Tracking new cases of end-stage renal disease (ESRD) is challenging, because only patients who receive treatment for ESRD are reliably identified by the CMS ESRD Medical Evidence Report (form CMS-2728). Because there is no comprehensive registration system, patients with ESRD who choose not to initiate chronic dialysis are uncounted.
In this section we report on new ESRD patients in freestanding dialysis facilities, which provide the vast majority of dialysis treatments in the U.S. This does undercount the total number of new ESRD cases in the U.S., as we are not reporting new patients in hospital-based dialysis facilities (these patients pose an analytic challenge, with respect to the provision of inpatient versus outpatient dialysis, which we will address in the coming year) or new patients who immediately receive a kidney transplant. We begin with a flowchart that identifies this subset of new ESRD cases in 2011, and subsequently illustrate incident rates and counts, overall, by U.S. Census Division and by state. While incident rates have begun to decline, there is considerable geographic variation in the absolute burden of ESRD, with important implications for the capacity to deliver care.
Like the rates of hospitalization and mortality illustrated in subsequent chapters, counts of new ESRD patients vary in a cyclical manner, with the highest counts occurring in the winter and the lowest in the summer. This pattern was reported in Okinawa, Japan, in 1996 (Iseki et al, American Journal of Nephrology) and is clearly present in domestic data as well. As shown in trends by Census Division and state, the slowing of both rates and counts has been far from uniform across the country. Growth in counts continues, for example, in the Middle Atlantic Division, at 3.1 percent per year since 2004. Within the division, however, the corresponding rate of growth was 4.7 percent per year in New York, but only 1.3 percent per year in Pennsylvania.
Nephrologist care prior to dialysis initiation has been tracked for more than a decade through questions in the Medical Evidence Report. Differences by Census Division are quite striking, with 80 percent of new patients in New England receiving pre-ESRD nephrologist care, compared to just 62 percent in the West South Central division. These geographic variations deserve greater attention from the physician community, as dialysis providers do not influence referral to a nephrologist prior to the start of dialysis treatment.

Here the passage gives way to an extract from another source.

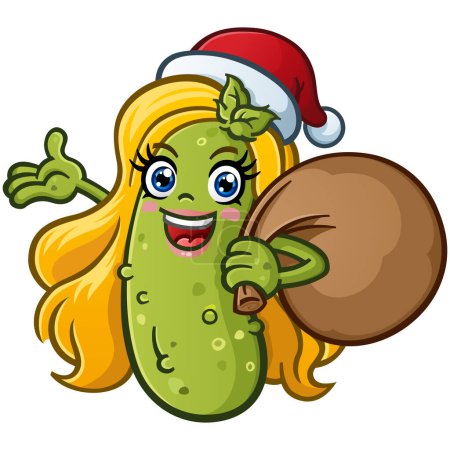Photo for Christmas pickle girl cartoon character with a santa hat and a sack full of christmas presents giving a ta da hand gesture and smiling big for the festive holiday season vector clip art - Royalty Free Image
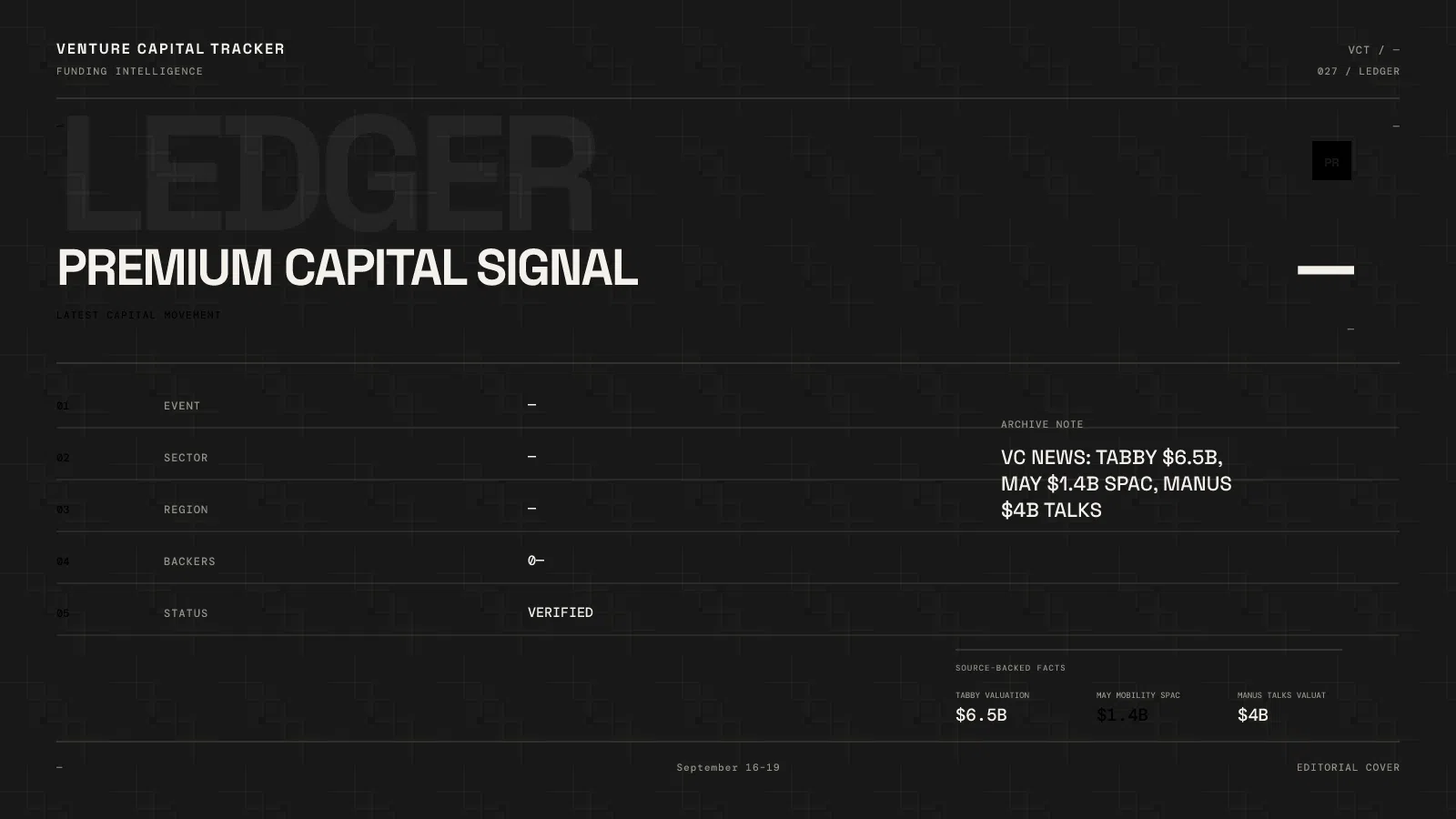 September 16–19 VC News: Tabby $6.5B, May $1.4B SPAC, Manus $4B Talks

The CKD education benefit, which became available to Medicare beneficiaries in January 2010, has been used by fewer than 2 percent of new ESRD patients (2013 USRDS ADR, page 117). This is a major concern, as poor preparation for ESRD has been reported to impact patient survival and access to home dialytic modalities. Interestingly, data from Medicare claims paints a more complex picture of nephrologist care prior to dialysis initiation. Some patients appear to have seen a nephrologist only in the inpatient setting, and even in the outpatient setting, a substantial share of patients have only seen a nephrologist once or twice during the six months before dialysis initiation. These findings suggest that data from the Medical Evidence Report may overstate the progress that has been made.